Second derivative, when finding stationary points are much more straight foreward and you have almost no chance in going wrong.

In the IBquestion, you are usually asked to find f''(x) (second derivative) then asked to find a stationary point, it was delibertly put in that order so that you can use the2nd derivative to immediatly come up with the answer.

I personally find it easier, as i can just find the second derivative put the values x and see if its negative or positive, or zero.

According to my teacher, your first way is just a preparation for the second. And if you have time in the exam, yuo can use it as a checking.

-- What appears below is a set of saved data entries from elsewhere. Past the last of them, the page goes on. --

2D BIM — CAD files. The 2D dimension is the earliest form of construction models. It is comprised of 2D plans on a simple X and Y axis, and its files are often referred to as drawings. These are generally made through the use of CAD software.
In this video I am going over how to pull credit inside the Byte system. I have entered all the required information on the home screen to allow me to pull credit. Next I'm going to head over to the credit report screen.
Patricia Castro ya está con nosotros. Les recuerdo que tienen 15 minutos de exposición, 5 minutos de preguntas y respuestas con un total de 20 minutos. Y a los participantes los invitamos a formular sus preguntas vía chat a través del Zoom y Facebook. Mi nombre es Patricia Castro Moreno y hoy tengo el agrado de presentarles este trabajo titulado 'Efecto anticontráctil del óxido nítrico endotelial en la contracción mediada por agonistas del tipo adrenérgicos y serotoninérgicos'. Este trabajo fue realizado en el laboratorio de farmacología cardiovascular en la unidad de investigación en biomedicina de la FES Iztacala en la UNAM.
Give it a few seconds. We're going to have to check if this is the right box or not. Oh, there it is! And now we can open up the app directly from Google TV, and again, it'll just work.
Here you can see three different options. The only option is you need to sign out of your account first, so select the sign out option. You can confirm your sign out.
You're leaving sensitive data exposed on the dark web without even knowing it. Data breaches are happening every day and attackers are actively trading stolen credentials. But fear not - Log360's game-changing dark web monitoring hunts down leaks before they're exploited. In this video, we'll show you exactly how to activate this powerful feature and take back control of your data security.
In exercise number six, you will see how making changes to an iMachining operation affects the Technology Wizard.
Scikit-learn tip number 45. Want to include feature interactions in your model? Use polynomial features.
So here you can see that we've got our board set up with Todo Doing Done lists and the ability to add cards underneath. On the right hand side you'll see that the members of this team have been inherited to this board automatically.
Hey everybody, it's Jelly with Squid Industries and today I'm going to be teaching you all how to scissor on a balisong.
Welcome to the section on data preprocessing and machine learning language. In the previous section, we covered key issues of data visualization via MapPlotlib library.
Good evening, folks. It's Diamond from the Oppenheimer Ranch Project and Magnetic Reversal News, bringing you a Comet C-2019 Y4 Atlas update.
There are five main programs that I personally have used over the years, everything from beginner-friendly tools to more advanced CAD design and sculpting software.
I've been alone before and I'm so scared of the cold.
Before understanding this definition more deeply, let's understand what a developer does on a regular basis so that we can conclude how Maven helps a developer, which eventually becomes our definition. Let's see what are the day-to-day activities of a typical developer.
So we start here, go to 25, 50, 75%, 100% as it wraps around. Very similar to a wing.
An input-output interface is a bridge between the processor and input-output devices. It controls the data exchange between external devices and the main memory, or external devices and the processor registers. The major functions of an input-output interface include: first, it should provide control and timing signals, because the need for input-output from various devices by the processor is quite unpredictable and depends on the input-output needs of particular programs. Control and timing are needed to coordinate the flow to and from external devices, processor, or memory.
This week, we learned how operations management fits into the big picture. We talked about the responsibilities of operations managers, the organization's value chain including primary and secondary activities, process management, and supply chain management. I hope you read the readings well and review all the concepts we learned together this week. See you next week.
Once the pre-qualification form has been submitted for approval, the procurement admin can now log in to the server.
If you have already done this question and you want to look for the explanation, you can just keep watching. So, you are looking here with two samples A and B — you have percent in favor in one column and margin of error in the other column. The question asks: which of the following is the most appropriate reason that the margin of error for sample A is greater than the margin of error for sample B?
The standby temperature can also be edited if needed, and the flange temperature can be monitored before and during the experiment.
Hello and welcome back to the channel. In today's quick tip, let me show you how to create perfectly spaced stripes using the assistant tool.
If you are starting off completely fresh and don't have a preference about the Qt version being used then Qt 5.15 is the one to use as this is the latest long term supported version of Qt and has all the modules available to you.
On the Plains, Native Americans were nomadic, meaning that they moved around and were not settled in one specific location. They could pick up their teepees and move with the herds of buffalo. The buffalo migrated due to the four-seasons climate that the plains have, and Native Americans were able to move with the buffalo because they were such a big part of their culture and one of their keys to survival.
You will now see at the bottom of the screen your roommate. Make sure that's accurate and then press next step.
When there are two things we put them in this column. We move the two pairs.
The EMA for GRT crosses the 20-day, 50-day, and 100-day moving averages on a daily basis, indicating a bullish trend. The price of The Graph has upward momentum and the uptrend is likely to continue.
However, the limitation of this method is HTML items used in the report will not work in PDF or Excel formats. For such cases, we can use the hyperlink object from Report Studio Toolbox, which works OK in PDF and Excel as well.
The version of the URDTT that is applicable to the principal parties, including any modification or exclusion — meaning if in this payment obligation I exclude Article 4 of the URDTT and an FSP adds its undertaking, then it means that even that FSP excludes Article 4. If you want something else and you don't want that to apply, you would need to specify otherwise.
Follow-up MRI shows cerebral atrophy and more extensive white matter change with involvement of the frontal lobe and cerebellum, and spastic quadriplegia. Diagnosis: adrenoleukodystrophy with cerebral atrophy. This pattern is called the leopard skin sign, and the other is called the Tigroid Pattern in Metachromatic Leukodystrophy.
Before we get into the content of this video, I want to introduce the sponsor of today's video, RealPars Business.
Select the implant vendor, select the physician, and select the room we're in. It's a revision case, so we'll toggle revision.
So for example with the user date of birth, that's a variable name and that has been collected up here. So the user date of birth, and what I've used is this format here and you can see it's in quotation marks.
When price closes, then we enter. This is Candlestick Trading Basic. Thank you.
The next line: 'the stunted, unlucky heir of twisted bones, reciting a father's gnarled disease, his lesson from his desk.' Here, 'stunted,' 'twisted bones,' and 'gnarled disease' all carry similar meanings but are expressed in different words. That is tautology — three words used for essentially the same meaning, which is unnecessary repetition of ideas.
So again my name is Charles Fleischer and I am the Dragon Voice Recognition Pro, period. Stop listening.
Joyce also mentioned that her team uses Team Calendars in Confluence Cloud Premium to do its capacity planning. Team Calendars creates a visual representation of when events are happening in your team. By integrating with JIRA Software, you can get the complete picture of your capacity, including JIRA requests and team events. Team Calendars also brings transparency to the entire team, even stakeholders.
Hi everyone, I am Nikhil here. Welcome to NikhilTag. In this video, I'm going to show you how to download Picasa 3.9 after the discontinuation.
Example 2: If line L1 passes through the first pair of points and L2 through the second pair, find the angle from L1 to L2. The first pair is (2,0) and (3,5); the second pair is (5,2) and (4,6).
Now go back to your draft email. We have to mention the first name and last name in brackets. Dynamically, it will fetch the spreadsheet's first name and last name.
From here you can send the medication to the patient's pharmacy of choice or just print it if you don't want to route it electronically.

I have done alot of quizzes on this and my mock, and always found that second derivative usage is much easier. In fact, you dont need to use anything for paper 2, just use your GDC.

[Hyperbole]

There is also the thing where you may end up putting in values that are too far from the stationary points when you do it with the first derivative and the slopes. I did that once: we had a narrow parabola in a polynomial, but no illustration of it, and I just took the x value for the stationary point plus and minus one. It didn't work...

I sort of fail at explaining it right now (yay mocks), but maybe you get the picture? As long as the second derivative is either negative or positive, you can be certain that you have the right result.

[Tarz]

I have a calculus test on Tuesday. I've basically not done anything for the past 1 month. What's the best way to learn integration really fast? The teacher only gave us photocopies of some questions. He never gave us the book because he didn't have enough of them. Is there some software that can test my integration skills or teach me how to do it?

[moneyfaery]

You can differentiate, yes? Then just learning to recognize the integrals and practicing. Do all those questions first and also learn substitution and integration by parts.